Gouging the tarmac during hook tests then striking the deck at the same spot would become a 'problem' it was said using DFP because it was so accurate but IIRC I don't believe a 'fix' has been implemented. The carrier probably moves enough to vary the hook strike point enough plus any other variables doing same. JPALS will be programmable for varying the wire to be caught being especially useful during rough weather for the 'hook to ramp' clearance to be safe. LSOs can manipulate a manual mirror MOVLAS (
MANUALLY OPERATED VISUAL LANDING AID SYSTEM) situated on the starboard side (called 'station 3' but it can be at stations 1&2 on the port side) to get aircraft onboard in bad weather or when regular IFLOLS at the port side station is (U/S) unserviceable.

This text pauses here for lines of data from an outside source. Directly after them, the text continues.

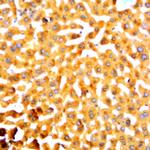 HBcAg Antibody in Immunohistochemistry (Paraffin) (IHC (P))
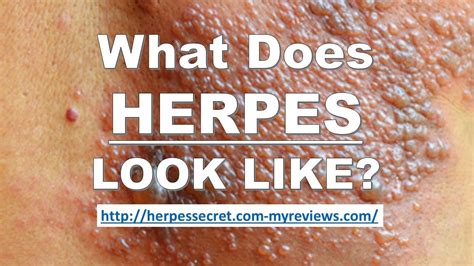 What Does Genital Herpes Look Like When It First Appears Youtube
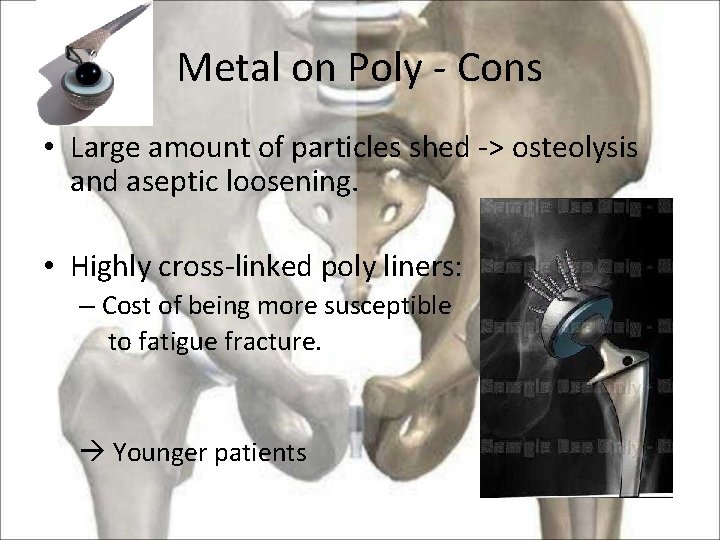 Metal on Poly - Cons • Large amount of particles shed -> osteolysis and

USN 'boat officer' quote as mentioned by 'gums':
'35_aoa':
“FWIW, CVN 76/77/78 3 wire boat
hook to ramp clearance is (IIRC) more like 10 feet. It is different enough that our brand new CAG paddles on cruise (who were both 4 wire boat guys) spent some time learning the "new" sight picture. For a month or two, they were calling low all the way for what were on-on passes. Then the airwing paddles collectively got into the debate of whether or not an "OK 1 wire" was a thing. Technically speaking, it is, based on the reduced hook to ramp clearance, but it took several months to convince CAG paddles of this. Old habits and sight pictures die hard I suppose.”